**** Available records
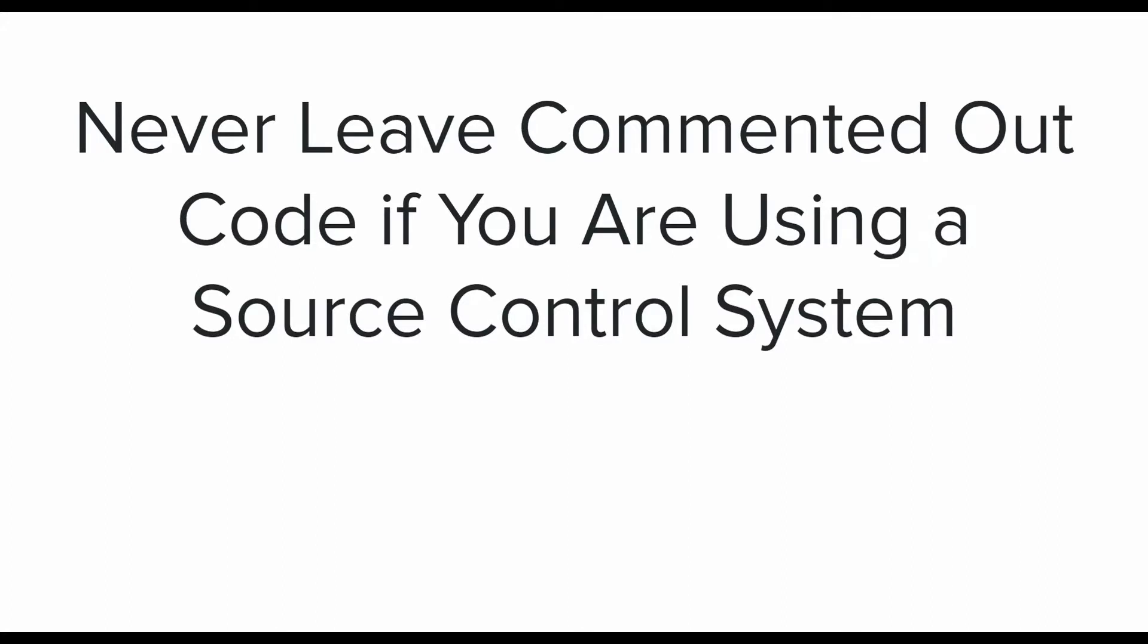The last best practice which I will talk about for this video is never leave commented out code in our project. If we are using a source control system, then it is really pointless to leave out commented code in the hopes that we will need it sometime in the future.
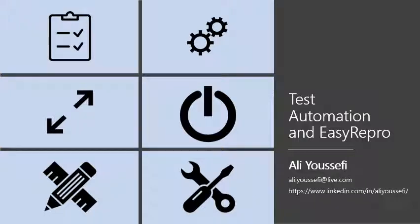Hello, my name is Ali Youssefi. Welcome to the Test Automation and Easy Repro series.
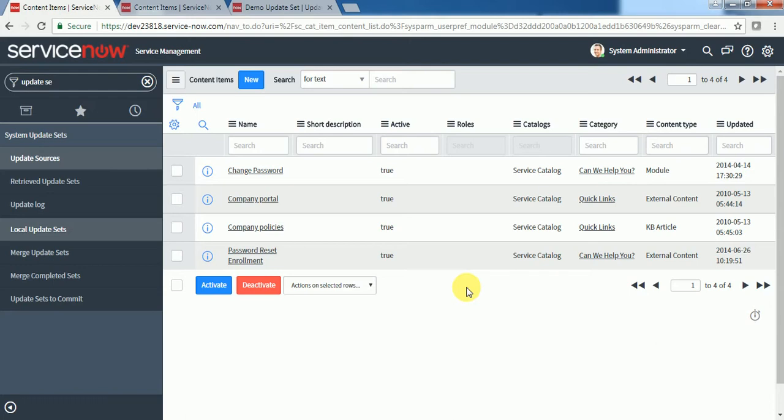For example, they may have a password reset completed by some other website or tool. So if the user wants to reset their password, they should be redirected to that website. For those purposes, we make use of content items.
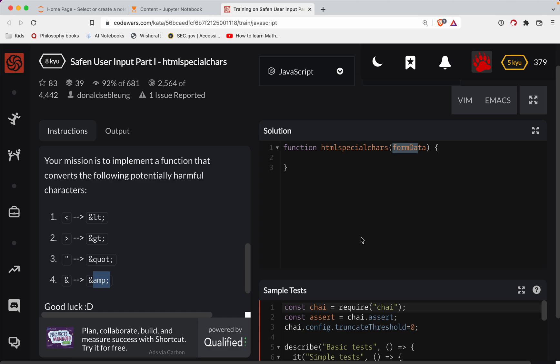So let's go ahead and set up our function here. What we're going to do is we're going to say we want formData dot replace. We're going to have to do a regular expression here. I try to avoid doing regular expressions in Codewars solutions just because it's kind of its own separate skill that needs to be learned. We'll put that in a regular expression and we're going to do G for global.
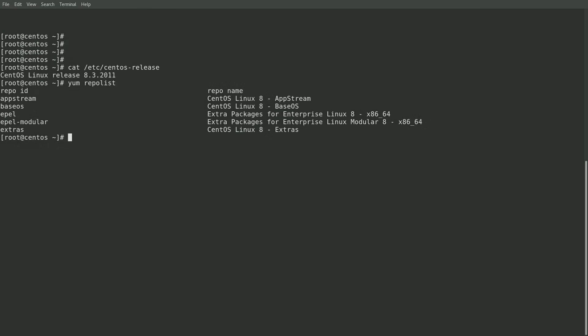And as you can see, I currently have three CentOS Linux 8 repositories enabled: the AppStream, BaseOS, and Extras. And I also have two EPEL 8 repositories enabled as well on this system.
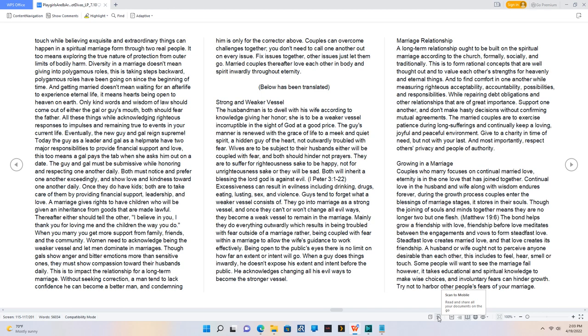The law has been translated. Strong and weaker vessel. The husbandman is to dwell with his wife according to knowledge giving her honor, she is to be a weaker vessel incorruptible in the sight of God at a good price. The guy's manner is renewed with the grace of life to a meek and quiet spirit, a hidden guy of the heart, not outwardly troubled with fear. Wives are to be subject to their husbands either will be coupled with fear, and both should hinder not prayers. They are to suffer for righteousness sake to be happy, not for unrighteousness sake or they will be sad. Both will inherit a blessing the Lord God is against evil. 1 Peter 3:1-22.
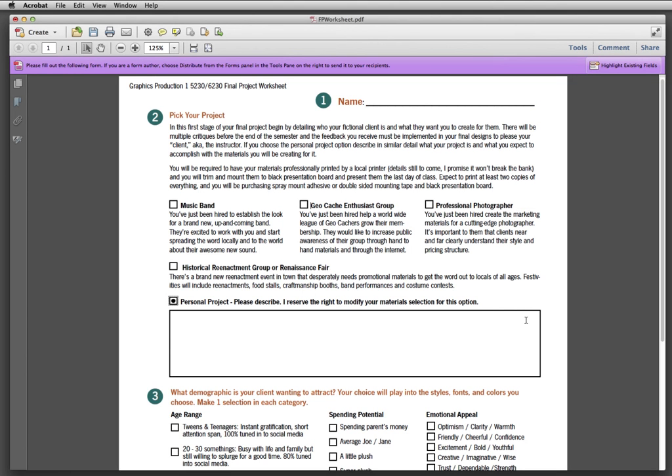Here is the final project worksheet and just to go over it so you know what all the bits and pieces are, please fill in your name and then pick your project.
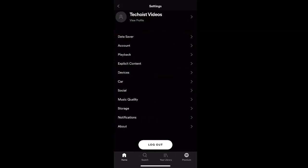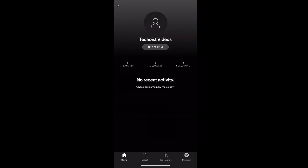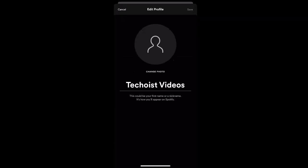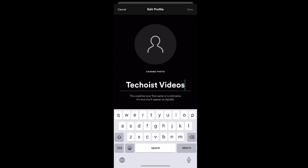From here, select your profile at the top with the view profile button. Then select edit profile below your current display name. You can then click into your current display name and begin editing.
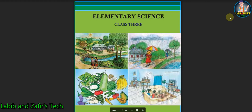Assalamualaikum. Dear students, hope you are fine by the grace of the Almighty. So today, I am here from Lavib and Zafiq, and today our class is class 3 English version students. Our today's subject is elementary science, and our today's chapter is chapter 8. So students, today we are going to do some exercises of this chapter. So let's start.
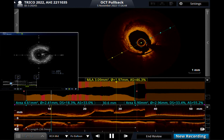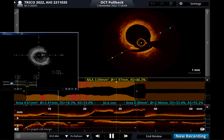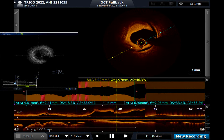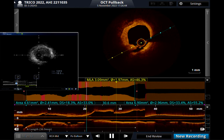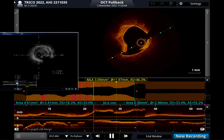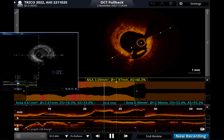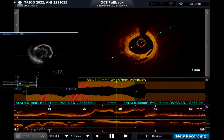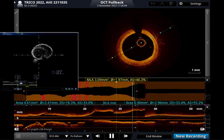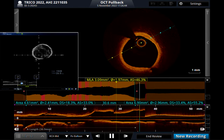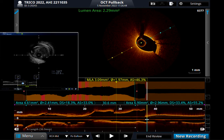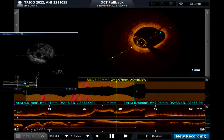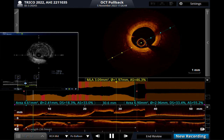Now the simultaneous pullback. We can identify the dissection clearly by OCT, but it might be difficult by IVUS. We can also identify calcium thickness by OCT, but it might be difficult to identify calcium thickness by IVUS. We can identify calcium by IVUS, but there are some differences. OCT provides much more detail and is easier to understand what really happened within the coronary artery.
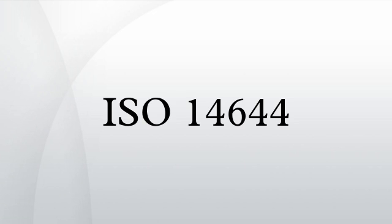ISO 14644-5, operations. ISO 14644-6, vocabulary.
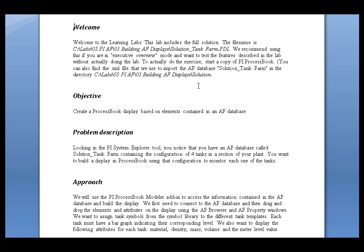Let's take a look now at the purpose of this lab. We're going to be working within PI ProcessBook, this PI ProcessBook modeler here, and what we'd like to do is connecting to a specific AF database and then dragging and dropping the elements from this AF database onto a ProcessBook display.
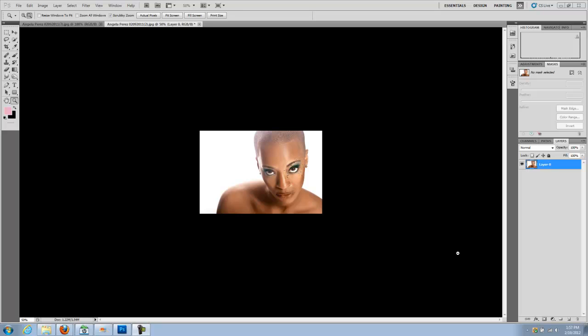Hey guys, this is Angie and today I'm going to be bringing you another video tutorial. This tutorial today we're going to be talking about how to do some masking, how to remove your subject from your background to add new backgrounds. I know a lot of people are interested in that. So we're going to start with this photo.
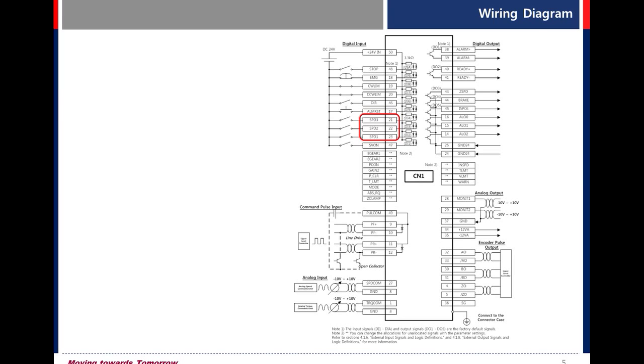Let's start for CN1 wiring of L7S drive. 24V, pin number 50, 48.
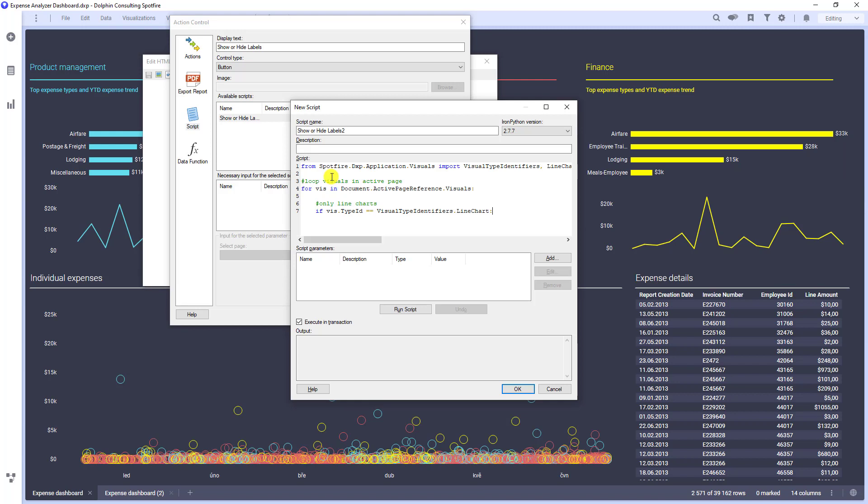The next step is to get the visualization as specified type. In our case, it would be the line chart. Let's write it.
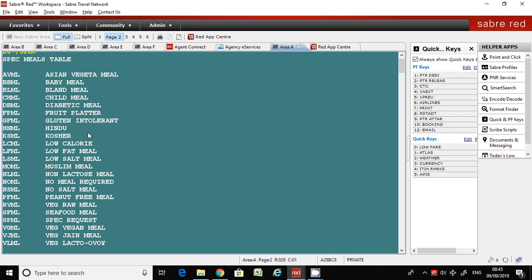You can see the meal codes on the left side of the window.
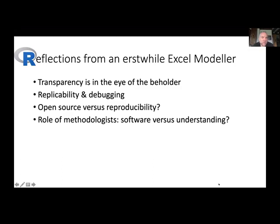I wanted to make a comment about open source versus reproducibility. R itself is open source, and I know the spirit of this workshop is that everything produced should be openly available. But I do wonder whether, if R is used more frequently for commercial applications and supporting commercial submissions to bodies such as NICE, whether those models will necessarily be open source. I'd like to think they would be, but I can see some potential challenges there.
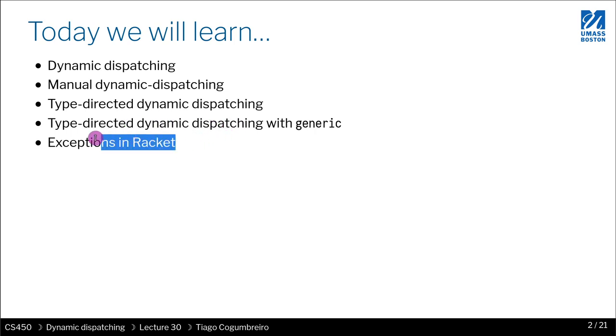And finally we're going to learn about exceptions, how to handle them. I hope you have fun today.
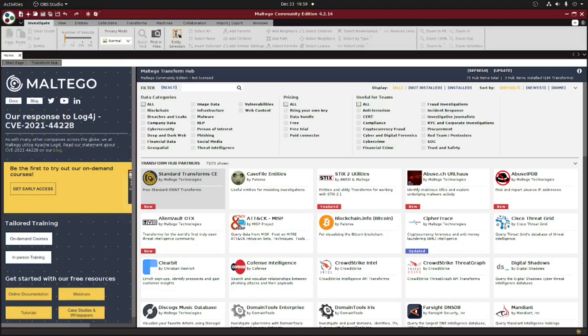Multigo is my go-to link analysis tool for OSINT investigations, and while there are a number of entities and transforms available right out of the box, sometimes you're going to run across an entity within your investigation that doesn't yet exist in Multigo. Luckily for us, Multigo also makes it very easy to add in our own custom entities.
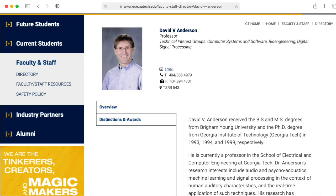People have asked me if I'm going to post any lectures on digital signal processing. As far as myself goes, not anytime soon, but fortunately, my colleague David Anderson has answered the call.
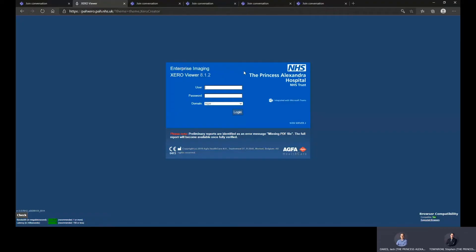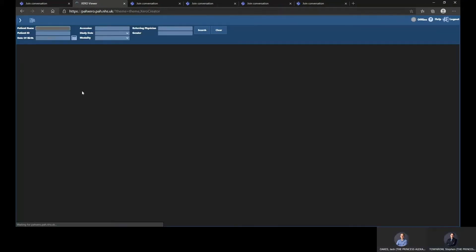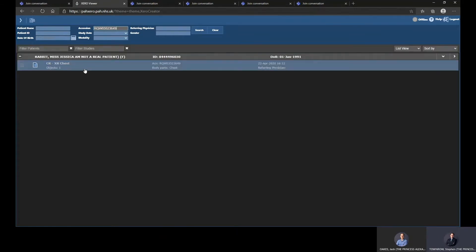We will follow up this integration with a second innovation we have introduced for high-quality image sharing and collaboration within Teams. We're going to do a quick demo on our trust system here. I'm going to quickly log in to Xero. We've got a pre-prepared test patient, so we'll click on here.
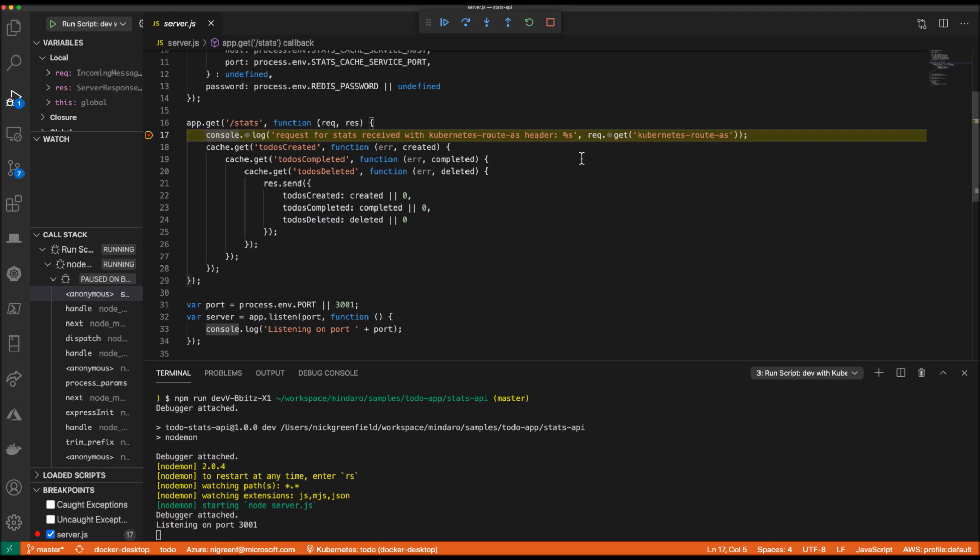It's at this point where my code changes will be executed and I can step through my code and debug as I normally would. Notice that the only code I'm running on my machine is the stats API and yet I'm still able to test and debug end to end. I did not have to configure any of the other services or dependencies.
********
> **Work task**: Output the listing exactly, without images.

> **Response**:
The last best practice which I will talk about for this video is never leave commented out code in our project. If we are using a source control system, then it is really pointless to leave out commented code in the hopes that we will need it sometime in the future.
Hello, my name is Ali Youssefi. Welcome to the Test Automation and Easy Repro series.
For example, they may have a password reset completed by some other website or tool. So if the user wants to reset their password, they should be redirected to that website. For those purposes, we make use of content items.
So let's go ahead and set up our function here. What we're going to do is we're going to say we want formData dot replace. We're going to have to do a regular expression here. I try to avoid doing regular expressions in Codewars solutions just because it's kind of its own separate skill that needs to be learned. We'll put that in a regular expression and we're going to do G for global.
And as you can see, I currently have three CentOS Linux 8 repositories enabled: the AppStream, BaseOS, and Extras. And I also have two EPEL 8 repositories enabled as well on this system.
The law has been translated. Strong and weaker vessel. The husbandman is to dwell with his wife according to knowledge giving her honor, she is to be a weaker vessel incorruptible in the sight of God at a good price. The guy's manner is renewed with the grace of life to a meek and quiet spirit, a hidden guy of the heart, not outwardly troubled with fear. Wives are to be subject to their husbands either will be coupled with fear, and both should hinder not prayers. They are to suffer for righteousness sake to be happy, not for unrighteousness sake or they will be sad. Both will inherit a blessing the Lord God is against evil. 1 Peter 3:1-22.
Here is the final project worksheet and just to go over it so you know what all the bits and pieces are, please fill in your name and then pick your project.
From here, select your profile at the top with the view profile button. Then select edit profile below your current display name. You can then click into your current display name and begin editing.
Assalamualaikum. Dear students, hope you are fine by the grace of the Almighty. So today, I am here from Lavib and Zafiq, and today our class is class 3 English version students. Our today's subject is elementary science, and our today's chapter is chapter 8. So students, today we are going to do some exercises of this chapter. So let's start.
Now the simultaneous pullback. We can identify the dissection clearly by OCT, but it might be difficult by IVUS. We can also identify calcium thickness by OCT, but it might be difficult to identify calcium thickness by IVUS. We can identify calcium by IVUS, but there are some differences. OCT provides much more detail and is easier to understand what really happened within the coronary artery.
ISO 14644-5, operations. ISO 14644-6, vocabulary.
Let's take a look now at the purpose of this lab. We're going to be working within PI ProcessBook, this PI ProcessBook modeler here, and what we'd like to do is connecting to a specific AF database and then dragging and dropping the elements from this AF database onto a ProcessBook display.
Hey guys, this is Angie and today I'm going to be bringing you another video tutorial. This tutorial today we're going to be talking about how to do some masking, how to remove your subject from your background to add new backgrounds. I know a lot of people are interested in that. So we're going to start with this photo.
Let's start for CN1 wiring of L7S drive. 24V, pin number 50, 48.
The next step is to get the visualization as specified type. In our case, it would be the line chart. Let's write it.
You can see the meal codes on the left side of the window.
I wanted to make a comment about open source versus reproducibility. R itself is open source, and I know the spirit of this workshop is that everything produced should be openly available. But I do wonder whether, if R is used more frequently for commercial applications and supporting commercial submissions to bodies such as NICE, whether those models will necessarily be open source. I'd like to think they would be, but I can see some potential challenges there.
And finally we're going to learn about exceptions, how to handle them. I hope you have fun today.
Multigo is my go-to link analysis tool for OSINT investigations, and while there are a number of entities and transforms available right out of the box, sometimes you're going to run across an entity within your investigation that doesn't yet exist in Multigo. Luckily for us, Multigo also makes it very easy to add in our own custom entities.
People have asked me if I'm going to post any lectures on digital signal processing. As far as myself goes, not anytime soon, but fortunately, my colleague David Anderson has answered the call.
We will follow up this integration with a second innovation we have introduced for high-quality image sharing and collaboration within Teams. We're going to do a quick demo on our trust system here. I'm going to quickly log in to Xero. We've got a pre-prepared test patient, so we'll click on here.
It's at this point where my code changes will be executed and I can step through my code and debug as I normally would. Notice that the only code I'm running on my machine is the stats API and yet I'm still able to test and debug end to end. I did not have to configure any of the other services or dependencies.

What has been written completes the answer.